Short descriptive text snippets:
_ _ _
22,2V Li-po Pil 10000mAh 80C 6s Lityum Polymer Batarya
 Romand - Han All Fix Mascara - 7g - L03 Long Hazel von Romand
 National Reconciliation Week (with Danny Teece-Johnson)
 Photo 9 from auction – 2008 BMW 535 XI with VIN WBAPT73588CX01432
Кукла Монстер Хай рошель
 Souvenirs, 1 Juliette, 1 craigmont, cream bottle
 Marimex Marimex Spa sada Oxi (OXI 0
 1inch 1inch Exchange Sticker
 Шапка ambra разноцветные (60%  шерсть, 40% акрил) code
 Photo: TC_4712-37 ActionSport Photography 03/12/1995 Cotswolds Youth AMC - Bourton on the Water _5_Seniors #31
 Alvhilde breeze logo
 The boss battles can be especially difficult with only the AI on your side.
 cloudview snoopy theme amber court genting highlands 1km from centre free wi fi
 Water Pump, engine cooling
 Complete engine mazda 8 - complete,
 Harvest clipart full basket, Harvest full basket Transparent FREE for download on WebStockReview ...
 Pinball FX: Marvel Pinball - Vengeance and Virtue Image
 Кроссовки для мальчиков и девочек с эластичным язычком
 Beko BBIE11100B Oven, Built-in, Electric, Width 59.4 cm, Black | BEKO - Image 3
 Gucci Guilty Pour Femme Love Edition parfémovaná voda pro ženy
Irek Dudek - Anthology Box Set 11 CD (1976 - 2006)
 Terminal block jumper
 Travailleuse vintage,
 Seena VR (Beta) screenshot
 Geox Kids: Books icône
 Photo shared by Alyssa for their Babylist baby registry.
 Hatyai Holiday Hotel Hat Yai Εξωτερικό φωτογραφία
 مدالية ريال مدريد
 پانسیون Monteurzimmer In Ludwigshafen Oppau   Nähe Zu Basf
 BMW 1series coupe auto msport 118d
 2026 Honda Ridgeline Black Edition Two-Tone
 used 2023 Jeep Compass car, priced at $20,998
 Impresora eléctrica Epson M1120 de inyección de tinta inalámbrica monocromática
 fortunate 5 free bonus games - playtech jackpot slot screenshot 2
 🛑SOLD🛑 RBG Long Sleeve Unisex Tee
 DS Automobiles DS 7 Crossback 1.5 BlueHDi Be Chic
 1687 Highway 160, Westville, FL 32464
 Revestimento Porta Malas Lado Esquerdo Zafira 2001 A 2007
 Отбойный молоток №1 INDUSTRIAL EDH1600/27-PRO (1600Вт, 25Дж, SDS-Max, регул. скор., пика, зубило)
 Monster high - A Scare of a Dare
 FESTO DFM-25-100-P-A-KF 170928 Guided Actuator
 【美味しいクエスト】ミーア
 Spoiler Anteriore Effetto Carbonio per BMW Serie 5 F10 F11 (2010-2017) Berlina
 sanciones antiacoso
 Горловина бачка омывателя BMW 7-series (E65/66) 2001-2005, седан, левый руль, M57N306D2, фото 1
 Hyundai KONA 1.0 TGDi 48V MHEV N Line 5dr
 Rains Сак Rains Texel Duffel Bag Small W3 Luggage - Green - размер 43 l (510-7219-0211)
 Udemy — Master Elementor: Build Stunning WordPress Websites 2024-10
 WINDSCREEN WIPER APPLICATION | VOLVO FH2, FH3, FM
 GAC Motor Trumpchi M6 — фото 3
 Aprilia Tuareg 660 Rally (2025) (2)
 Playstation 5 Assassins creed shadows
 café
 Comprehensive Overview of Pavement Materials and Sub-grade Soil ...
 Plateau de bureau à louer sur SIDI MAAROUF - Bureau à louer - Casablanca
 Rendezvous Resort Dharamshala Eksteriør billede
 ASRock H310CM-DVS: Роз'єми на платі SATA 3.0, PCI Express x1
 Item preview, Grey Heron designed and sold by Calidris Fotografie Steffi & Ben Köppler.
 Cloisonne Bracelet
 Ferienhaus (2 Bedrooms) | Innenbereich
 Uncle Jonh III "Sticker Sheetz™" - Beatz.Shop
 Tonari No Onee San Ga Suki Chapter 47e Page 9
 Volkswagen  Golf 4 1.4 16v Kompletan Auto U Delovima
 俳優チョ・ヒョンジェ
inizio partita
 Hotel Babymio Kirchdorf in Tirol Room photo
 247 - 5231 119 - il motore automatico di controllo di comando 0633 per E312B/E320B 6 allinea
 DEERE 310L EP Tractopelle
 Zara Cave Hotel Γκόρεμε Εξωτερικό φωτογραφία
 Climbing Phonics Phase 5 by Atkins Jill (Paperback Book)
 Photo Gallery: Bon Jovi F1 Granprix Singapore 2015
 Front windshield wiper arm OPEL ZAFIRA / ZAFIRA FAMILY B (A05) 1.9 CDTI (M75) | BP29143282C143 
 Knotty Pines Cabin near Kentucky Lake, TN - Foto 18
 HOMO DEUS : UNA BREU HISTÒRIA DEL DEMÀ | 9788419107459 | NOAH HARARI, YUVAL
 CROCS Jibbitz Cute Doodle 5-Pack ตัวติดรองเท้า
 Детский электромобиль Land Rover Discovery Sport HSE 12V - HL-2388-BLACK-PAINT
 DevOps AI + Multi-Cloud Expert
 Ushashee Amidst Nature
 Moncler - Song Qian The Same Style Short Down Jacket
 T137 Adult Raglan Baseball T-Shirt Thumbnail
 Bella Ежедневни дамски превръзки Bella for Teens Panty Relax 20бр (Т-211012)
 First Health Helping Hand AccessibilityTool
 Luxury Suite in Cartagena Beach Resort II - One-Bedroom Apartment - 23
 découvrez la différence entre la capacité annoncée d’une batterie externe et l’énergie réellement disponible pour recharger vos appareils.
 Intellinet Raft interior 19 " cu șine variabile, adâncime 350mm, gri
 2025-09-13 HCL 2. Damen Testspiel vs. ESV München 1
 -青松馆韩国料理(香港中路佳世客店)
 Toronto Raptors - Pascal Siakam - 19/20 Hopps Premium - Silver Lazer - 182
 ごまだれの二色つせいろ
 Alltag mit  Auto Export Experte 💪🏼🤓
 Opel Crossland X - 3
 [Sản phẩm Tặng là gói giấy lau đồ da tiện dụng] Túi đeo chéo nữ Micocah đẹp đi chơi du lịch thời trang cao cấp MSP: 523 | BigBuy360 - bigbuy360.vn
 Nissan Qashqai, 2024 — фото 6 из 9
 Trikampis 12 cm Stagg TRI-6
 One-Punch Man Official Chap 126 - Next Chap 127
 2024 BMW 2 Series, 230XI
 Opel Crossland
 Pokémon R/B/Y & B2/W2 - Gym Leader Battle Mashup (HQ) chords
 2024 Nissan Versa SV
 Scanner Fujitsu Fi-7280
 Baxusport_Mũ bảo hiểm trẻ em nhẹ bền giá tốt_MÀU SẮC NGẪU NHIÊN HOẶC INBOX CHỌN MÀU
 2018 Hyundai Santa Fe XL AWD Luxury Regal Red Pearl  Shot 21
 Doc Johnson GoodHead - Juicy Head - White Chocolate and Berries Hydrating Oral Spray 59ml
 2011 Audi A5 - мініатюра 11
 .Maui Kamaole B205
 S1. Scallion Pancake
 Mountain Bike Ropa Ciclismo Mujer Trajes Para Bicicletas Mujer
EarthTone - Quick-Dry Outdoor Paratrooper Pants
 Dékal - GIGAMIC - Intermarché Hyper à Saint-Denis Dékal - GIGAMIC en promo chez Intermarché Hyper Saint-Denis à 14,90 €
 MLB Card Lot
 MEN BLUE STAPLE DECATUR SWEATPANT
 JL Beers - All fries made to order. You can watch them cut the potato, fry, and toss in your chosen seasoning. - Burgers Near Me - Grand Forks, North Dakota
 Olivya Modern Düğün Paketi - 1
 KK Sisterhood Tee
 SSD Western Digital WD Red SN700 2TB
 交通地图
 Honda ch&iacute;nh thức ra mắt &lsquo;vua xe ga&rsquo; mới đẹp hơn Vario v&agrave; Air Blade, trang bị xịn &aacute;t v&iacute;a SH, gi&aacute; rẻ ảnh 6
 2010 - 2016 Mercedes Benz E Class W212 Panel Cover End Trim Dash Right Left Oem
_ _ _
Your objective: In the entries above, please find the line with "Spoiler Anteriore Effetto" and the line with "Hotel Babymio Kirchdorf in Tirol Room photo", then write out exactly those two lines and every line between them, and nothing more.

Output for this exercise:
 Spoiler Anteriore Effetto Carbonio per BMW Serie 5 F10 F11 (2010-2017) Berlina
 sanciones antiacoso
 Горловина бачка омывателя BMW 7-series (E65/66) 2001-2005, седан, левый руль, M57N306D2, фото 1
 Hyundai KONA 1.0 TGDi 48V MHEV N Line 5dr
 Rains Сак Rains Texel Duffel Bag Small W3 Luggage - Green - размер 43 l (510-7219-0211)
 Udemy — Master Elementor: Build Stunning WordPress Websites 2024-10
 WINDSCREEN WIPER APPLICATION | VOLVO FH2, FH3, FM
 GAC Motor Trumpchi M6 — фото 3
 Aprilia Tuareg 660 Rally (2025) (2)
 Playstation 5 Assassins creed shadows
 café
 Comprehensive Overview of Pavement Materials and Sub-grade Soil ...
 Plateau de bureau à louer sur SIDI MAAROUF - Bureau à louer - Casablanca
 Rendezvous Resort Dharamshala Eksteriør billede
 ASRock H310CM-DVS: Роз'єми на платі SATA 3.0, PCI Express x1
 Item preview, Grey Heron designed and sold by Calidris Fotografie Steffi & Ben Köppler.
 Cloisonne Bracelet
 Ferienhaus (2 Bedrooms) | Innenbereich
 Uncle Jonh III "Sticker Sheetz™" - Beatz.Shop
 Tonari No Onee San Ga Suki Chapter 47e Page 9
 Volkswagen  Golf 4 1.4 16v Kompletan Auto U Delovima
 俳優チョ・ヒョンジェ
inizio partita
 Hotel Babymio Kirchdorf in Tirol Room photo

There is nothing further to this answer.